Cruzando el desierto, un viajero inglés vio a un árabe muy pensativo, sentado al pie de una palmera.
A poca distancia reposaban sus camellos, pesadamente cargados, por lo
que el viajero comprendió que se trataba de un mercader de objetos de valor,
que iba a vender sus joyas, perfumes y tapices, a alguna ciudad vecina.
Como hacía mucho
tiempo que no conversaba con alguien, se aproximó al pensativo mercader
diciéndole:
«Buen amigo,
¡salud! pareces muy preocupado. ¿Puedo ayudarte en algo?»
«¡Ay!», respondió
el árabe con tristeza, «estoy muy afligido porque acabo de perder la más
preciosa de las joyas».
«¡Bah!»,
respondió el inglés, «la pérdida de una joya no debe ser gran cosa para ti que
llevas tesoros sobre tus camellos, y te será fácil reponerla».
«¡¿Reponerla?!...
¡¿Reponerla?!», exclamó el árabe. «Bien se ve que no conoces el valor de mi
pérdida».
«¿Qué joya es,
pues?», preguntó el viajero.
«Era una joya»,
le respondió el mercader, «como no volverá a hacerse otra.

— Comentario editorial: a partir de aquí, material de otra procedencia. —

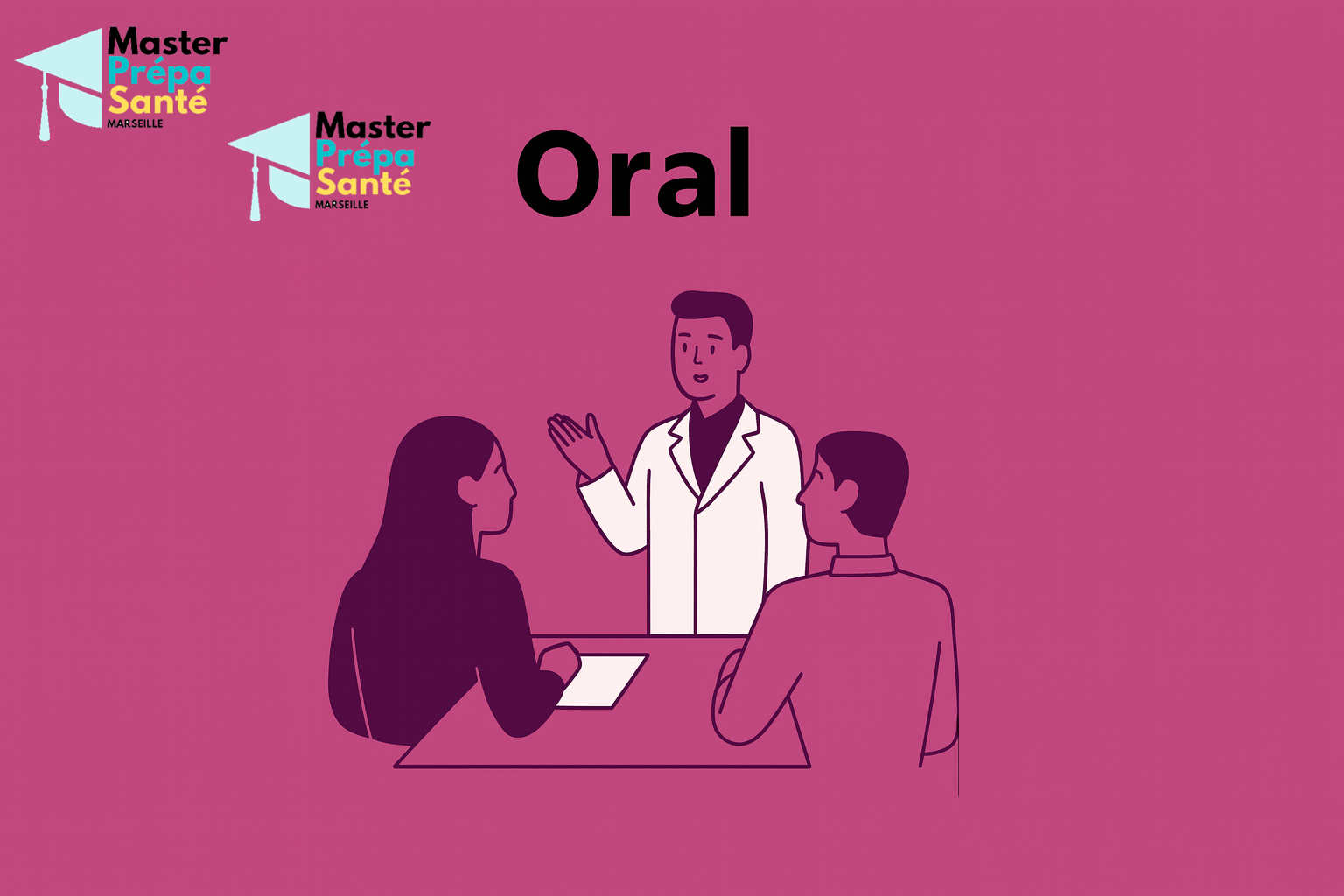  Oral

Estaba tallada en un
pedazo de piedra de la Vida y había sido hecha en el taller del Tiempo.
Adornábanla
veinticuatro brillantes, alrededor de los cuales se agrupaban sesenta más
pequeños. Ya ves que tengo razón al decir que joya igual no podrá reproducirse
jamás».
«A fe mía», dijo el
inglés, «tu joya debía ser preciosa". Pero, ¿no crees que con mucho dinero
pueda hacerse otra igual?»
«La joya
perdida», respondió el árabe, volviendo a quedar pensativo,
«era un día, y un
día que se pierde ... no vuelve a encontrarse».